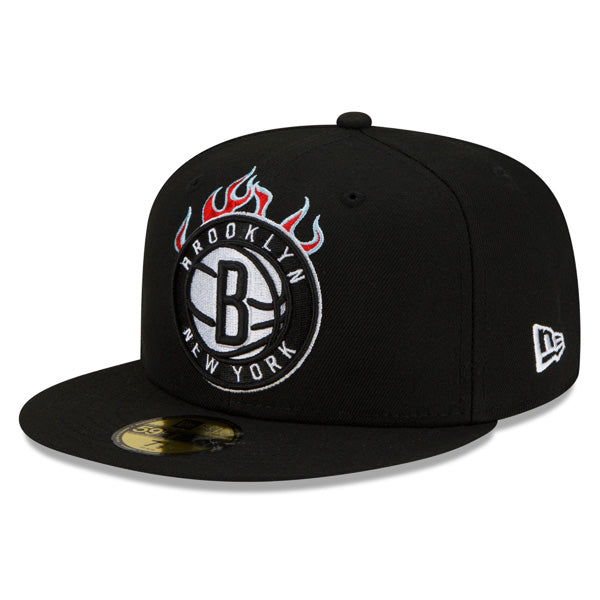 Brooklyn Nets NBA EASTERN CONFERENCE Exclusive New Era ON-FIRE 59Fifty Fitted Hat - Black/Sky Bottom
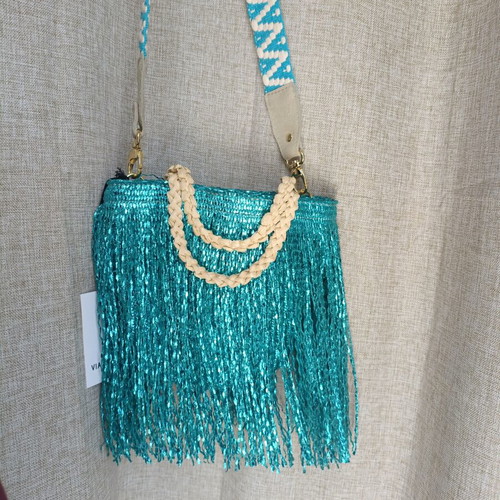 ViaMailBag Kos Glitter crossbody bag new, luxury Italian raffia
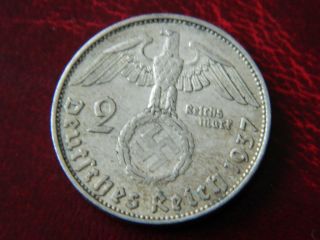 German 2 Mark 1937 E Silver Coin With Eagle 1353 photo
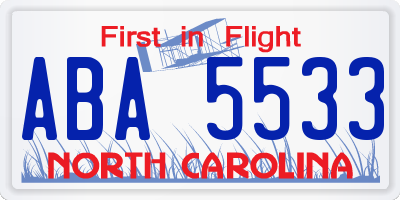 NC license plate ABA5533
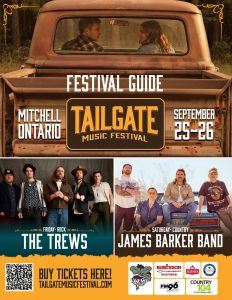Tailgate Music Festival 2026 poster - Friday September 25 rock with The Trews, Saturday September 26 country with James Barker Band, in Mitchell Ontario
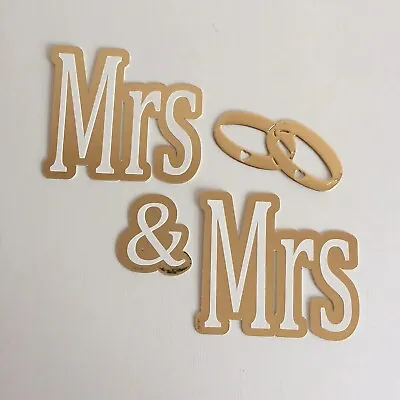 4 Mrs & Mrs Gay Wedding Cardmaking Die Cut Toppers  - Gold & Ivory Rings Bride • £2.75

Description of the task — Set down exactly and only the lines from the line that contains "Tailgate Music Festival" through the last line of the entries above, with both of those lines included and the pictures left out.

Answer below —
Tailgate Music Festival 2026 poster - Friday September 25 rock with The Trews, Saturday September 26 country with James Barker Band, in Mitchell Ontario
 4 Mrs & Mrs Gay Wedding Cardmaking Die Cut Toppers  - Gold & Ivory Rings Bride • £2.75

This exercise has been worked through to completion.